This invention relates to a combustion detecting element for detecting incomplete combustion of a burner.
Various devices are known in the prior art for detecting incomplete combustion having an element body made of zirconia or the like which generates an electric change, for instance, electromotive force, corresponding to an oxygen concentration difference between one side surface of the body and the other side surface of the body. These devices are generally provided on both side surfaces with equal-sized catalytic electrode layers, for instance, porous platinum electrode layers for carrying out a catalytic reaction with combustible gas.

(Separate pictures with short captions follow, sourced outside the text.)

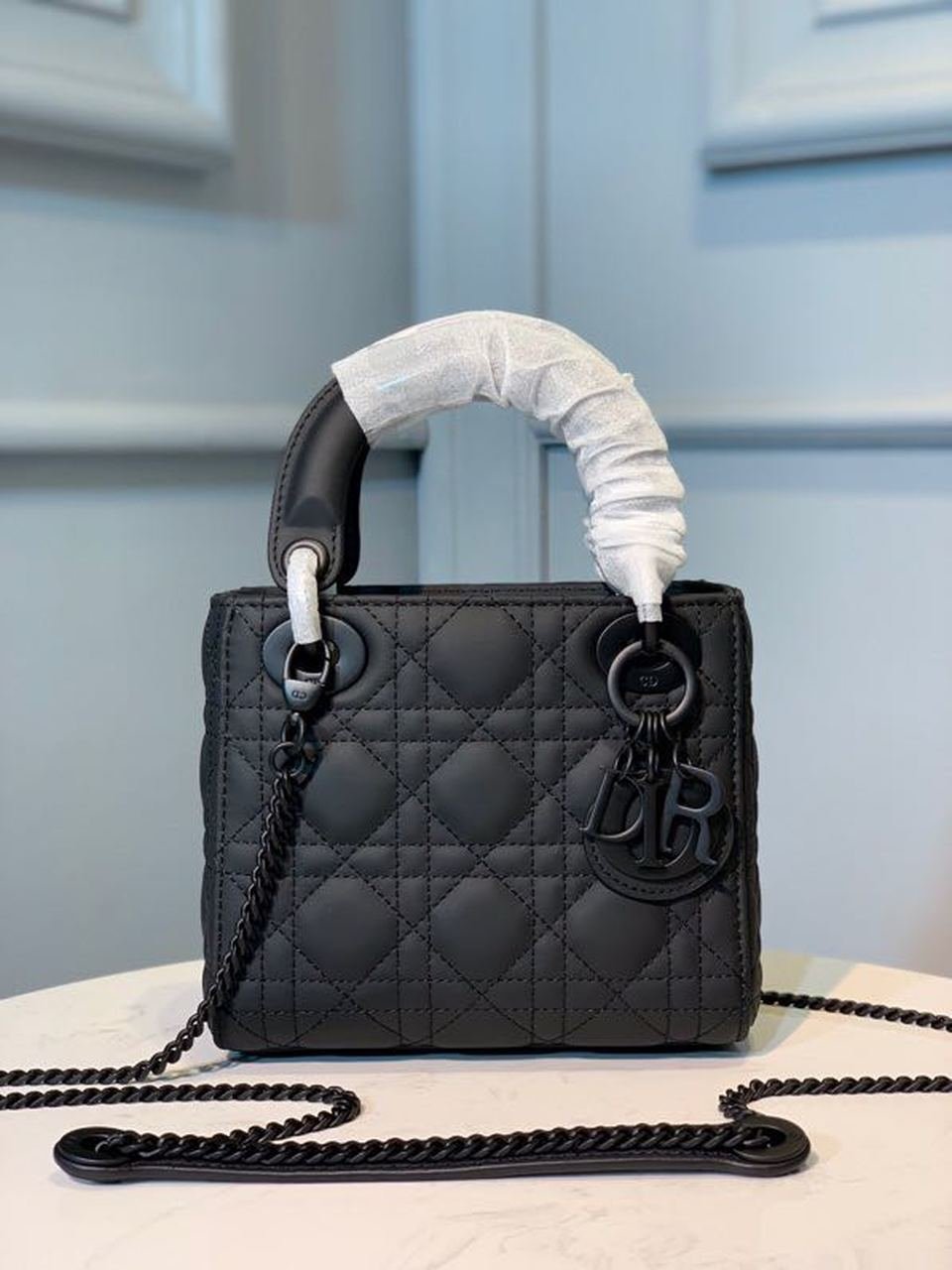 Christian Dior Mini Lady Dior Bag 18cm with Chain Matte Hardware Lambskin Leather Spring/Summer Collection Black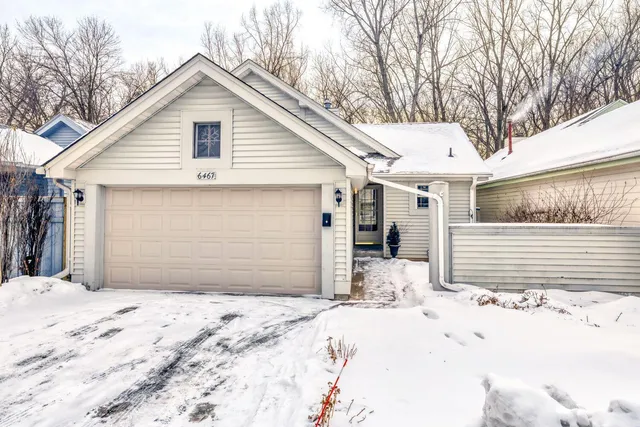$240,000 | 6467 13th Street North, Oakdale, MN 55128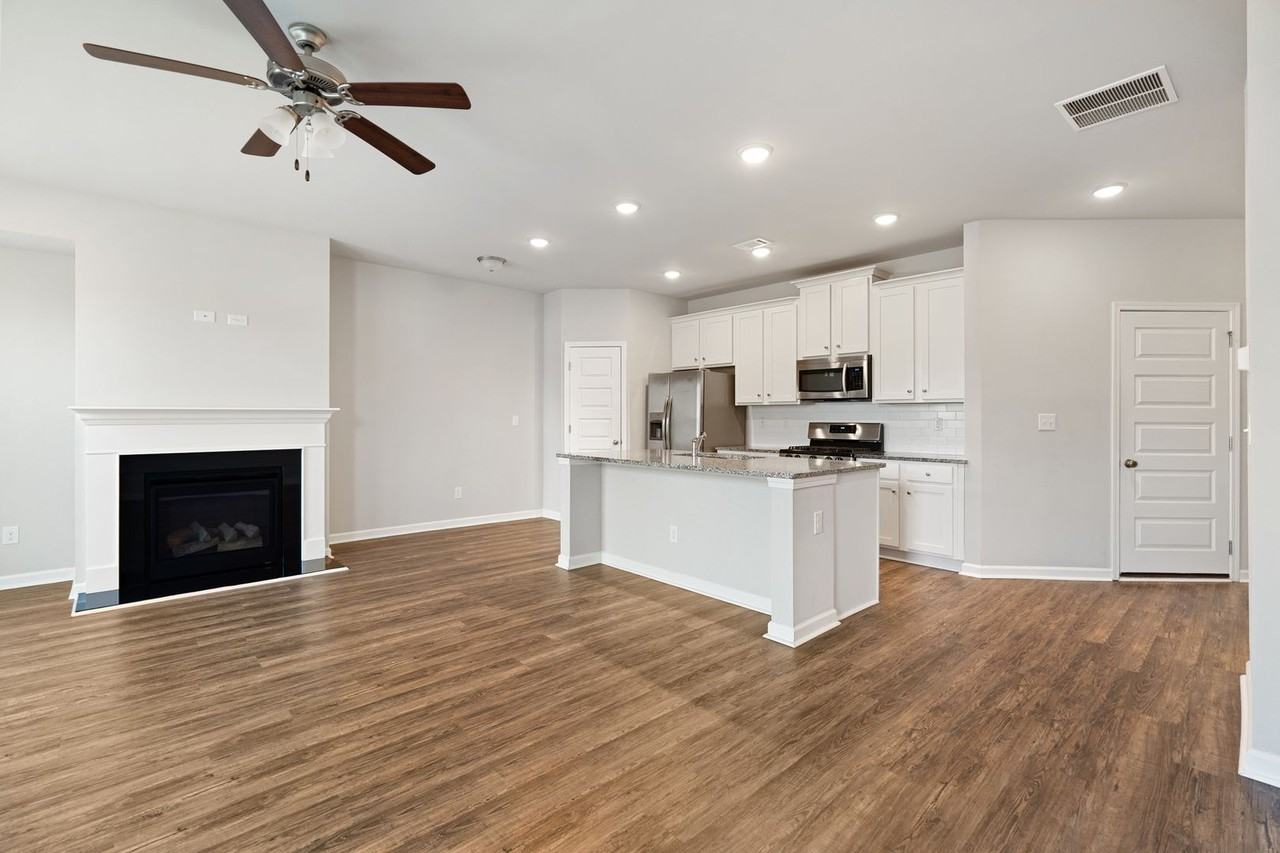 3609 Prospect Point Dr - Photo 5 of 32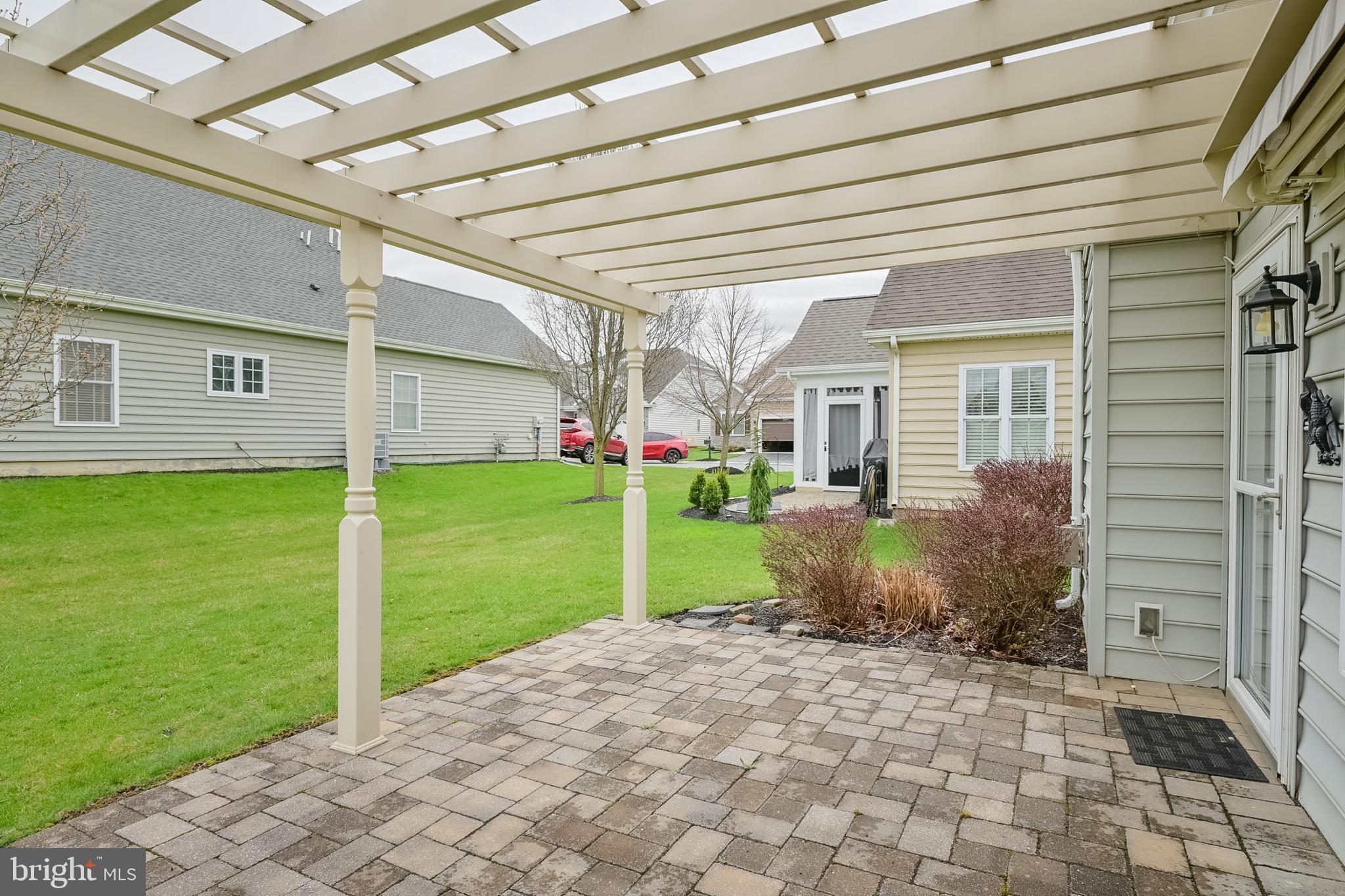 FOUR SEASONS AT ELM TREE - Residential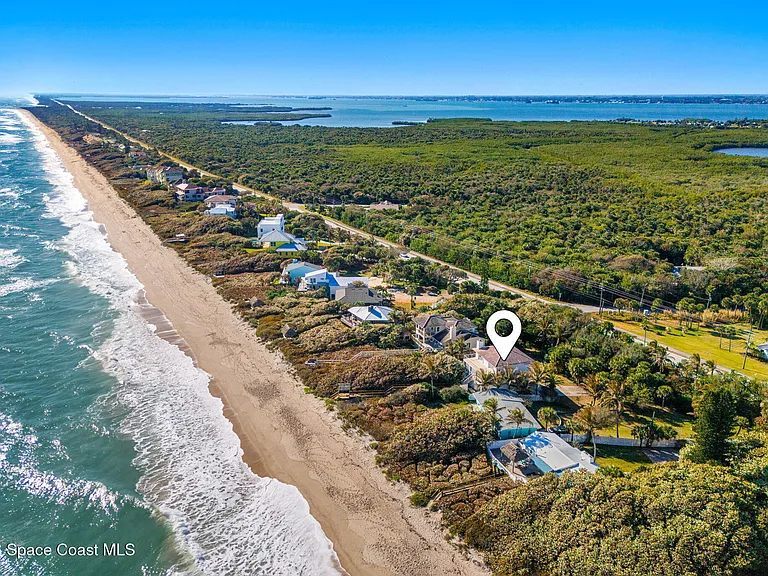 9085 Highway A1A — Photo 18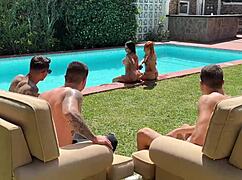 与Megan Fiore在秘密豪宅兄弟聚会群交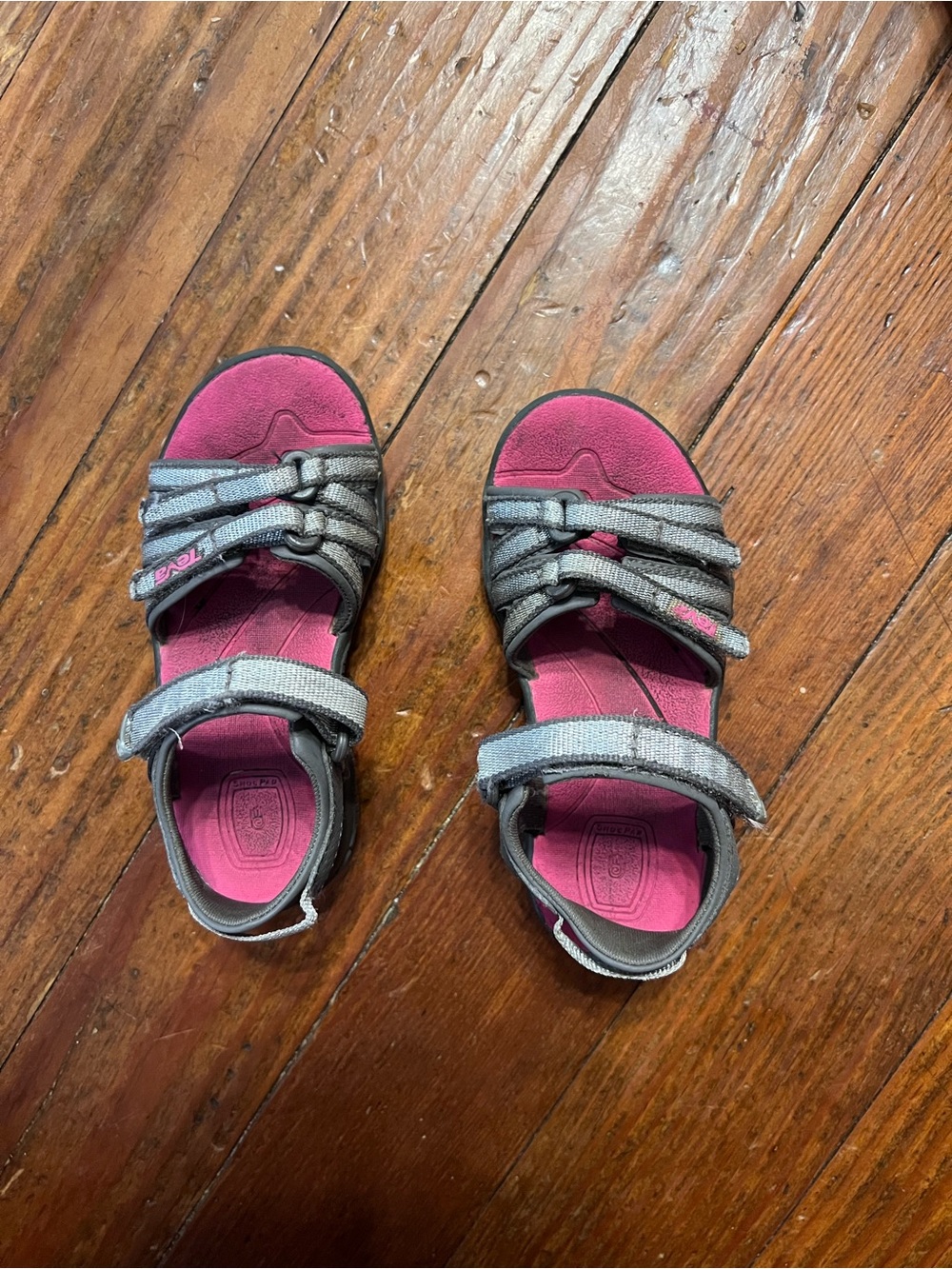 Silver shimmer kids Tevas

The element is, for instance, with one side surface (hereinafter the "first surface") thereof facing a burner to be monitored while the other side surface (hereinafter "the second surface") thereof is exposed to a combustion flame of a standing burner, which is burning continuously and impinging on the second surface. With this arrangement, oxygen is consumed in a catalytic combustion reaction of the combustible gas in the flame of the standing burner in the catalytic electrode layer on the second surface. As a result, the oxygen concentration on the second surface side is lowered. In a normal condition, a difference in oxygen concentration is obtained between the second surface and the first surface. However, if there occurs incomplete combustion of the burner being monitored, the flame of the burner contacts the catalytic electrode layer on the first surface. The oxygen concentration on the first surface is lowered by consumption of oxygen caused by the catalytic reaction which is the same as that occurring in the second surface. Thus, the oxygen concentration difference between the two surfaces is decreased and an electric change corresponding to this is produced in the element. In this manner, incomplete combustion in the burner being monitored can be detected. However, a certain disadvantage is present in these prior art devices in that the catalytic reaction of the combustible gas contained in the flame of the standing burner on the catalytic electrode layer on the second surface reduces the oxygen concentration on the second surface to a tremendous degree. It takes a large amount of time before the oxygen concentration on the first surface is lowered enough to a predetermined value in comparison with the oxygen concentration on the second surface after the flame of the burner being monitored comes into contact with the catalytic electrode layer on the one side surface because of incomplete combustion. Thus, these devices are not quickly responsive.